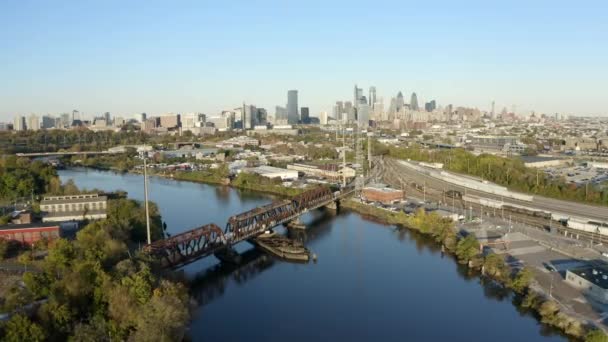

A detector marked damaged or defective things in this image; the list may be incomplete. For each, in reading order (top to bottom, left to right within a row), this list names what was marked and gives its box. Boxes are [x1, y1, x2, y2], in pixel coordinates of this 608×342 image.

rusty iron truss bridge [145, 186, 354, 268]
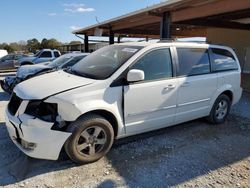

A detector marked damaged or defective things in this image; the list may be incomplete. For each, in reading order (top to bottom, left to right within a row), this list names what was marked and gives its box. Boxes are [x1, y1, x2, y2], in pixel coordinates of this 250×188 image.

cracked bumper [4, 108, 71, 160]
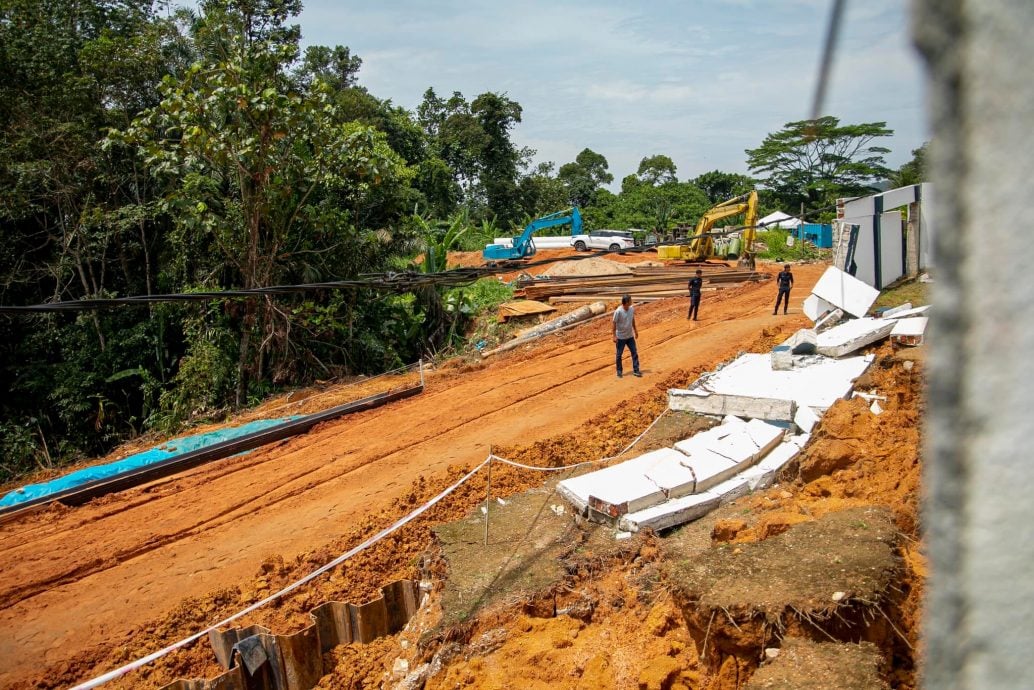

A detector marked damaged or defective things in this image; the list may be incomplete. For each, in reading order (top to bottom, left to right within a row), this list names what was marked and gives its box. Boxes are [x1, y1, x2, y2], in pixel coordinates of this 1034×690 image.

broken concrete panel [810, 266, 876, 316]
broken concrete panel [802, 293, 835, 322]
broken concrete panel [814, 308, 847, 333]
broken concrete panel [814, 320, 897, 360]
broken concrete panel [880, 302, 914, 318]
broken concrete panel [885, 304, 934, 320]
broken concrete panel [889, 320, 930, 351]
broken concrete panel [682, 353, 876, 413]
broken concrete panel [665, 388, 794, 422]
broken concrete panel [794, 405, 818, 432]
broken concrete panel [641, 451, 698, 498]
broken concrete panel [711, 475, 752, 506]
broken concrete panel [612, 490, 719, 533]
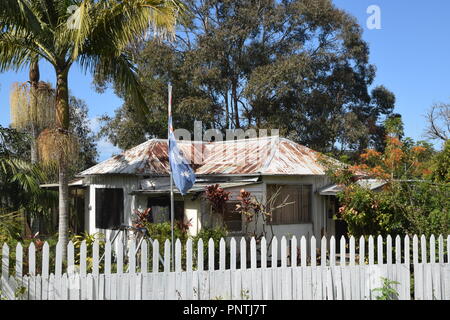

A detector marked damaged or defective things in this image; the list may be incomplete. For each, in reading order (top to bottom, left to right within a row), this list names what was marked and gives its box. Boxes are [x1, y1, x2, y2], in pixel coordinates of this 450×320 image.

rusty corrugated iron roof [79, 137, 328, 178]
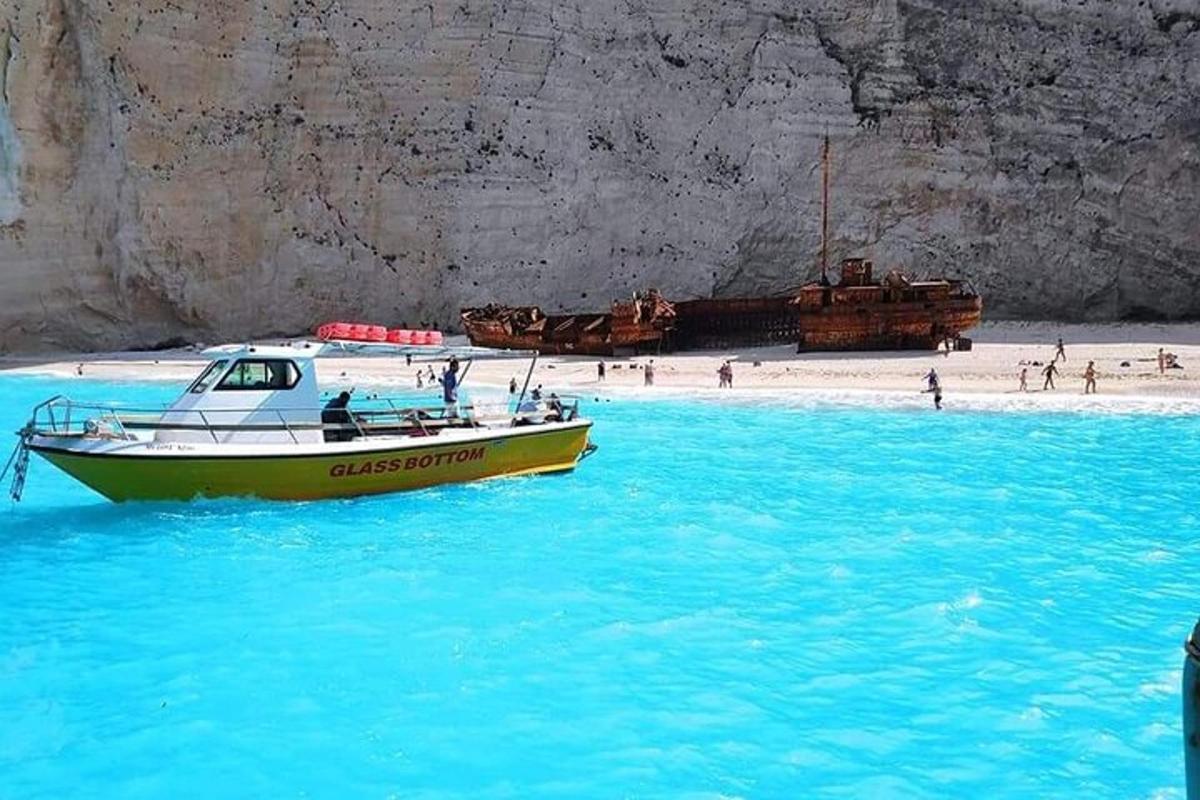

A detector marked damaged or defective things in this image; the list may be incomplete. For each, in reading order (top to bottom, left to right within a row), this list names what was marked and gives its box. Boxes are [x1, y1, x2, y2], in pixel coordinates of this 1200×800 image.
____________
**Directions**
When a line carries an image, skip the image and repeat everything else above exactly as written.

**Your solution**
A detector marked damaged or defective things in this image; the list may be incomplete. For each, in reading order (top to bottom, left to right within a row), this list names what was marked and gives its box. Boxes are [x1, y1, x2, y2], in pixel coordinates of this 608×342 image.

rusty iron truss bridge [145, 186, 354, 268]

A detector marked damaged or defective things in this image; the list may be incomplete. For each, in reading order (top to bottom, left to right within a row), this list names what was marked and gives its box. Boxes are [x1, y1, x2, y2], in pixel coordinates of this 250×188 image.

cracked bumper [4, 108, 71, 160]

A detector marked damaged or defective things in this image; the list may be incomplete. For each, in reading order (top to bottom, left to right within a row), this list names what was marked and gives its box. Boxes are [x1, y1, x2, y2], in pixel coordinates of this 1034×690 image.

broken concrete panel [810, 266, 876, 316]
broken concrete panel [802, 293, 835, 322]
broken concrete panel [814, 308, 847, 333]
broken concrete panel [814, 320, 897, 360]
broken concrete panel [880, 302, 914, 318]
broken concrete panel [885, 304, 934, 320]
broken concrete panel [889, 320, 930, 351]
broken concrete panel [682, 353, 876, 413]
broken concrete panel [665, 388, 794, 422]
broken concrete panel [794, 405, 818, 432]
broken concrete panel [641, 451, 698, 498]
broken concrete panel [711, 475, 752, 506]
broken concrete panel [612, 490, 719, 533]

A detector marked damaged or defective things in this image; the list may be incomplete. For each, in reading order (top to bottom, left to right within a row), this list names what was marked and gives its box. Boxes are [x1, y1, x2, y2], in pixel coordinates of this 450×320 image.

rusty corrugated iron roof [79, 137, 328, 178]

A detector marked damaged or defective things in this image; the list may be incomplete. For each, in reading order (top to bottom, left to right within a row), this list names what was marked and gives its box. Boxes are [x1, y1, x2, y2], in pixel coordinates of this 1200×800 image.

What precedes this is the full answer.